E già anni prima della sentenza della Cassazione, Amnesty, come tante altre organizzazioni indipendenti sottolineava che "la giustificazione riguardante le minacce alla sicurezza e all'ordine pubblico non è stata sostenuta da prove, né soddisfa i requisiti di proporzionalità stabiliti dal diritto internazionale. Anche nel caso in cui il governo riuscisse a dimostrare che esiste una qualche minaccia alla sicurezza pubblica in determinati singoli casi, è sconcertante che definisca la presenza di “nomadi” o di persone appartenenti a determinate etnie, in se stessa, una fonte di preoccupazione in più regioni italiane, tanto da richiedere la dichiarazione di uno stato di emergenza. I provvedimenti introdotti dal decreto che stabilisce uno stato di emergenza e dalle ordinanze che li accompagnano sono discriminatori e violano gli obblighi assunti dall'Italia ai sensi di vari trattati internazionali e regionali a non intraprendere una qualsiasi iniziativa volta a creare o a perpetuare la discriminazione razziale".
In una decisione adottata a seguito di un reclamo collettivo contro l'Italia (Centro per i diritti all'alloggio - Cohre v.
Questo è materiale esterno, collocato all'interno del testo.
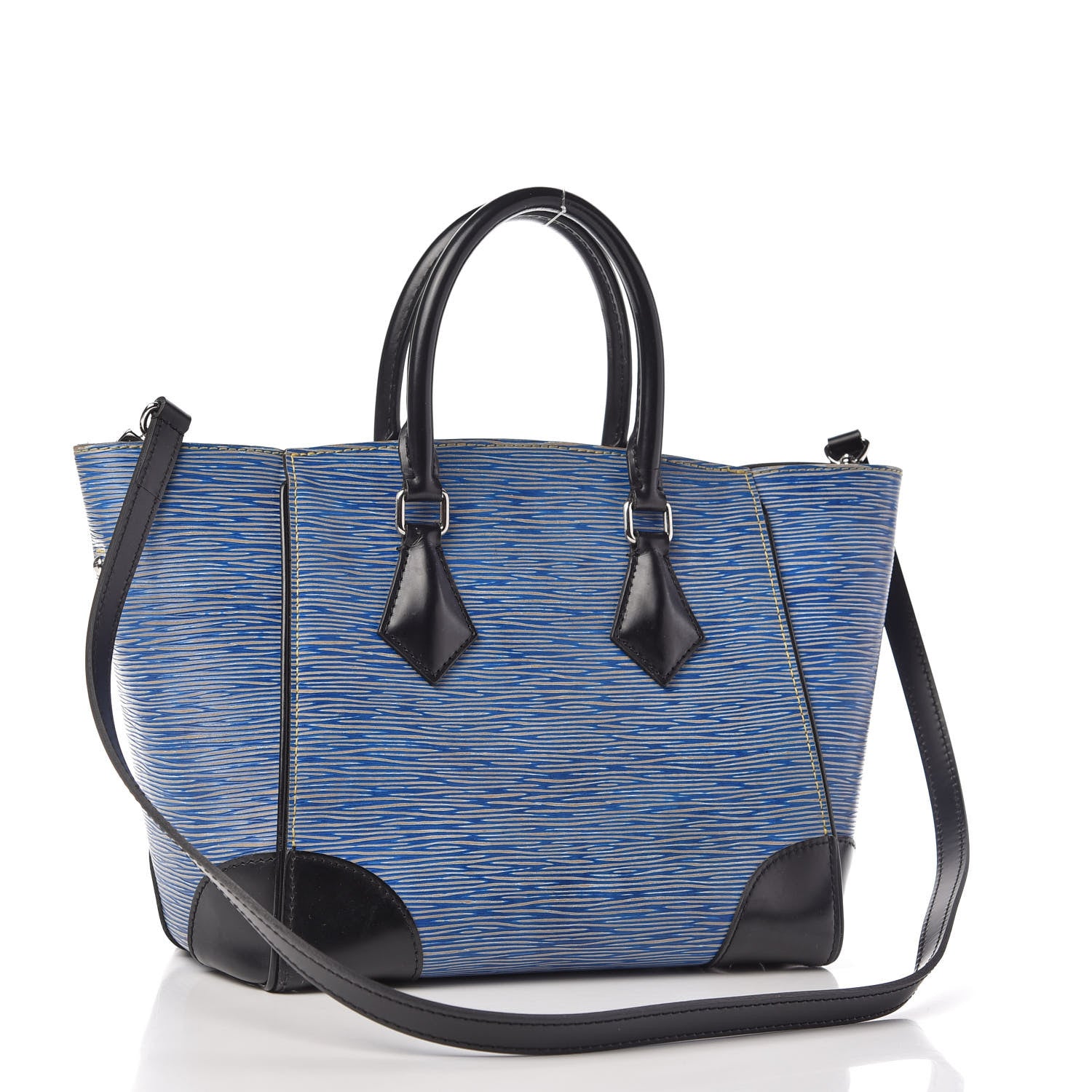 Louis Vuitton Epi Phenix PM Denim Light 3 of 11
Italia), il 25 giugno 2010, il Comitato europeo sui diritti sociali ha affermato che “le condizioni di vita dei rom nei campi sono peggiorate a seguito dell'adozione delle contestate 'misure di sicurezza'. Poiché, da un lato, le misure in questione prendono direttamente di mira questi gruppi vulnerabili e, dall'altro, non vengono intraprese adeguate iniziative per tenere in debita e positiva considerazione le differenze della popolazione in oggetto, la situazione si configura come stigmatizzazione che costituisce un trattamento discriminatorio”.
Secondo il Comitato “le dichiarazioni da parte di attori pubblici come quelle riportate nell'istanza creano un'atmosfera discriminatoria che è espressione di una volontà politica basata sulla disparità etnica". Tanto che la propaganda razzista contro i migranti rom e sinti indirettamente permessa o proveniente direttamente dalle autorità italiane costituisca una violazione aggravata dei diritti umani.
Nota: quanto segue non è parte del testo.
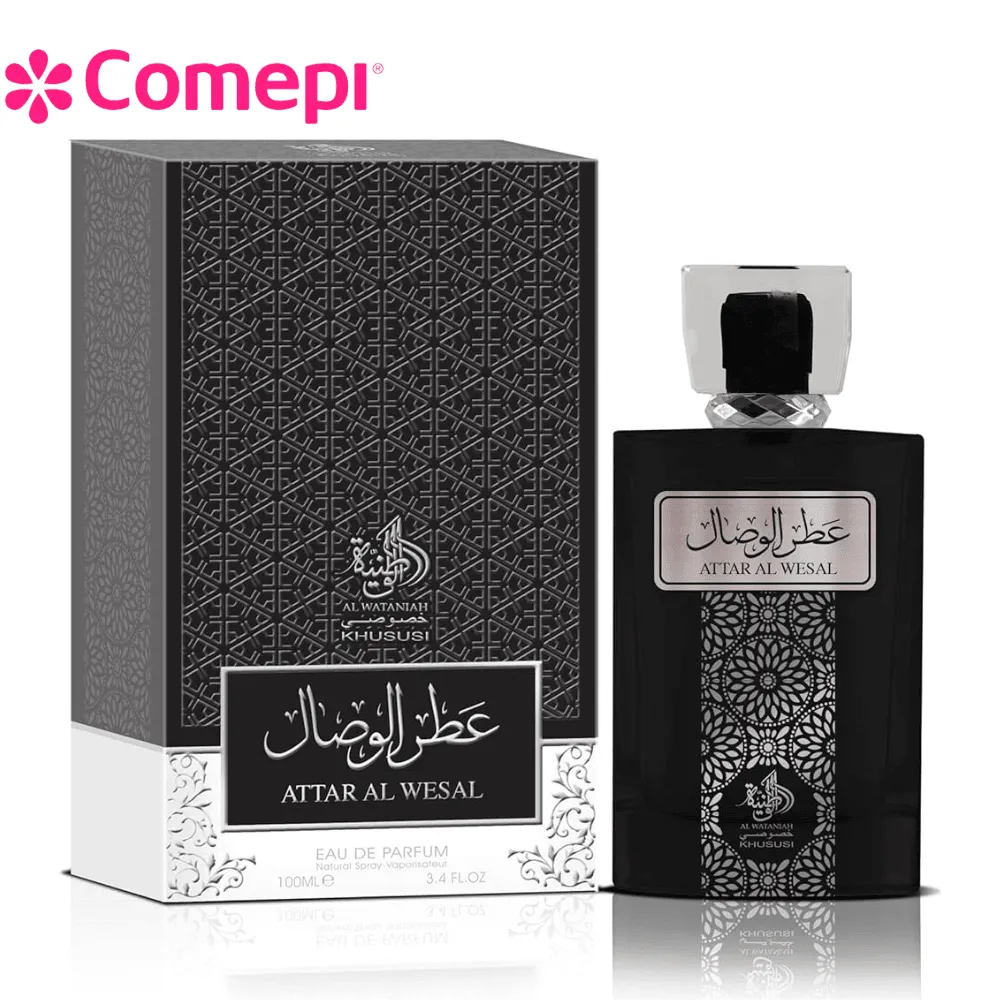 Al Wataniah Attar Al Wesal Edp 100ML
Si parla di “violazione aggravata” quando misure che violano i diritti umani prendono specificatamente di mira e colpiscono gruppi vulnerabili, mentre le autorità pubbliche restano passive e non intervengono in maniera appropriata contro i perpetratori di queste violazioni, ma contribuiscono anch'esse a questa violenza.
Secondo quanto ci ha detto nel corso di un'intervista l'allora direttrice di Amnesty International Italia Carlotta Sami, "il punto di partenza è collocare la questione dei rom in Italia all’interno dell’ambito europeo poiché esiste un problema di discriminazione di 12 milioni di rom in Europa".
In linea con quanto esposto finora anche l'attivista e intellettuale sinta Eva Rizzin che spiega: "Ha ragione Leonardo Piasere discutiamo quando dice che ci sono ancora oggi sinti che praticano il nomadismo con attività commerciali itineranti, ma il problema è che il termine nomadi è stato usato per giustificare una condizione di esclusione e di emarginazione di queste persone e per questo diventa scorretto".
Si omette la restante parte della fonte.